Según detalla The Sun, GRU también proyecta versiones más lujosas del hotel en fases posteriores. Imágenes conceptuales difundidas por la compañía muestran habitaciones amplias, con paredes acolchadas, pensadas para que los huéspedes puedan desplazarse y “rebotar” en condiciones de microgravedad, combinando comodidad y entretenimiento.
Expansión y uso de materiales lunares
Uno de los aspectos más innovadores del proyecto es la intención de utilizar materiales extraídos directamente de la Luna para reforzar y ampliar las instalaciones. La empresa planea recubrir las estructuras inflables con materiales lunares, lo que permitiría aumentar la capacidad del hotel hasta diez huéspedes de manera simultánea.
Esta estrategia no solo reduciría la dependencia de envíos desde la Tierra, sino que también serviría como prueba para futuros asentamientos humanos fuera de nuestro planeta. En ese sentido, el hotel lunar funcionaría como un laboratorio para desarrollar tecnologías clave de habitabilidad espacial.
El fundador de GRU, Skyler Chan, explicó que este tipo de iniciativas representan un punto de inflexión para la humanidad. “Vivimos en un momento en el que realmente podemos convertirnos en una especie interplanetaria antes de morir”, señaló, según consignó The Sun citando declaraciones recogidas por Space.com. Para Chan, el éxito del proyecto podría abrir la puerta a que, en el futuro, millones de personas nazcan y vivan en la Luna o incluso en Marte.
Turismo espacial y competencia geopolítica
El anuncio del hotel lunar se produce en un contexto de creciente interés internacional por establecer una presencia permanente en la Luna. Diversas potencias espaciales han acelerado sus planes para desarrollar bases científicas y energéticas en el satélite, lo que refuerza la idea de que la próxima gran carrera espacial no solo será científica, sino también económica y turística.
En ese escenario, China y Rusia ya han manifestado su intención de construir conjuntamente una base lunar de gran escala.
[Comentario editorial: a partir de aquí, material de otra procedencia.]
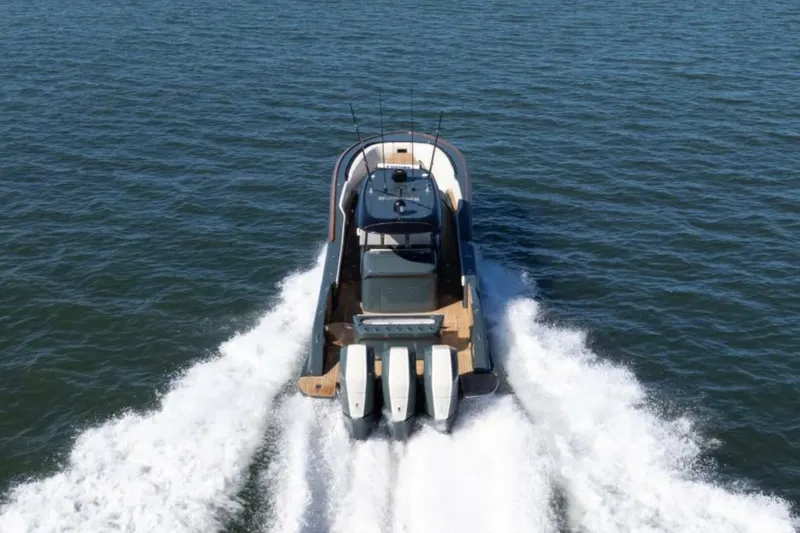 Slide: The Image of 2026 Buddy Davis Pininfarina boat cruising on open water, rear view. - 3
Según informó The Sun, ambos países planean desarrollar una instalación comparable al tamaño de un parque temático, que incluiría una central eléctrica y otras infraestructuras clave, con el objetivo de tenerla operativa hacia 2036.
La aparición de proyectos privados como el hotel lunar de GRU demuestra que el espacio se está transformando en un nuevo mercado para el turismo de lujo. Aunque los costos actuales lo convierten en una experiencia exclusiva para multimillonarios, los expertos no descartan que, con el avance de la tecnología, este tipo de viajes pueda volverse más accesible en las próximas décadas.
Por ahora, la posibilidad de dormir en la Luna, jugar golf con gravedad reducida y observar la Tierra desde una ventana espacial sigue siendo un privilegio reservado para unos pocos. Sin embargo, iniciativas como esta confirman que el turismo espacial ya no es solo una idea futurista, sino un negocio en desarrollo que podría cambiar para siempre la forma en que la humanidad se relaciona con el cosmos.